短いなかに独特の世界観を閉じ込めた、何度でも楽しめるショートショート集「インスタント・ジャーニー」
面白い本が読みたい!忙しいなかでも気軽に読める本が欲しい!
そんな声に応える本、見つけました。
その名も「インスタント・ジャーニー」。
いったいどのような本なのでしょうか?
「インスタント・ジャーニー」とは?
(Amazonより)
11編目「虚無缶」
ある古い工場に不思議な体験をしたことのある男がいるときいて、私は彼にインタビューをしに行った。もはや鉄骨のみが残っているばかりの廃墟のなかで、男が語るその体験とは。
13編目「花屋敷」
あらゆる季節の花が咲き乱れる山。その山を花の根をたぐりながら歩く男がいた。長い根の先にある小屋で、男が知った秘密と男が下した決断とは。
ひとつの話が10ページに満たないという短さなのにもかかわらず、つい何度も読み返してしまうという魅力を持った、ある意味奇妙な本。それがこの「インスタント・ジャーニー」です。18編のショートショートは私たちを不思議な世界に連れていってくれます。
(公式HP「海のかけら」より)
作者は若手ショートショート作家、田丸雅智さん。1987年に愛媛県に生まれ、2011年に作家デビュー。2015年よりショートショート大賞の立ち上げに尽力し、審査員長を務めてもいます。
なかなか手に取ることの少ないショートショート集。特に、普段は長編小説をよく読むという人の中には「ショートショート集なんて読んだ気がしなくてつまらない」というイメージを持っている人もいるのではないでしょうか。

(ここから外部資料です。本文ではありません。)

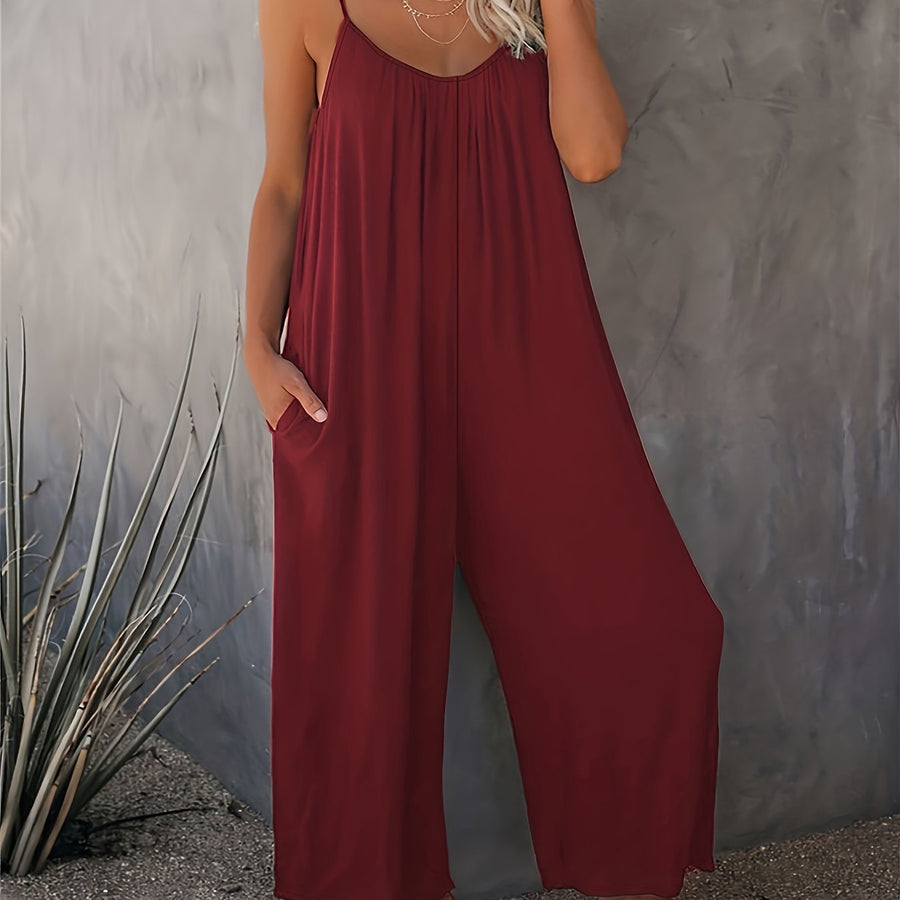 Damen Weite Casual Jumpsuit mit Spaghettiträgern – Luftiger Einteiler für Freizeit & Urlaub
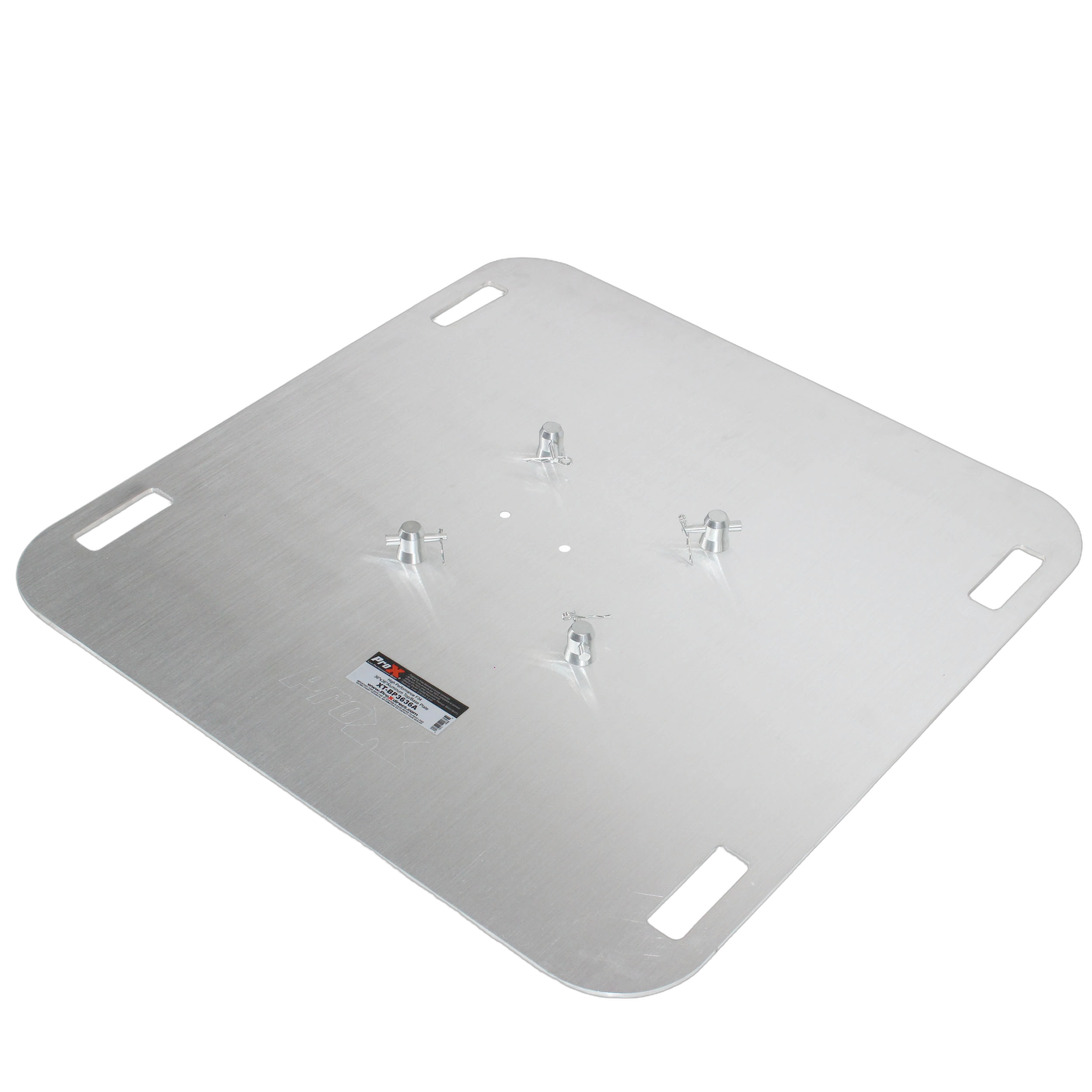 ProX 36 Inch Aluminum Truss Base Plate Front View ProX 36 inch aluminum 8mm truss base plate with connectors for F34 F32 F31 conical square truss systems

しかし、つまらないなんてことはまったくありません。むしろ、短いストーリーの中に、たくさんの魅力がつまっているのです。
読者の心を惹きつけるこの本の魅力とは?
(Photo by Lorenzo Scheda)
この本が不思議な引力をもって、読者の心を惹きつける理由は、その「モヤモヤ感」と「短さ」です。
ひとつの話はたった数ページですが、筆者の紡ぐ言葉によってはっきりと示されてはいない、また別の意味を想像してしまいます。
特にこむずかしいことが書いてあるわけではありません。むしろ易しい言葉で書かれていて、きちんとオチまでついている。それなのにまだ、もう少し何かがあるのではないか。もっと見つけられるものがあるのではないか。そう読み手に感じさせるのです。
(Photo by ThomasLife)
しかし、もし、その作品が長編であったとしたら、「暇がない」「疲れる」といった理由で読みなおしができず、「モヤモヤ感」がそのまま残ってしまうことが多いのではないでしょうか。それではあまりに残念です。せっかく楽しく本を読んだのなら、「モヤモヤ感」を解決して、スッキリしたいでしょう。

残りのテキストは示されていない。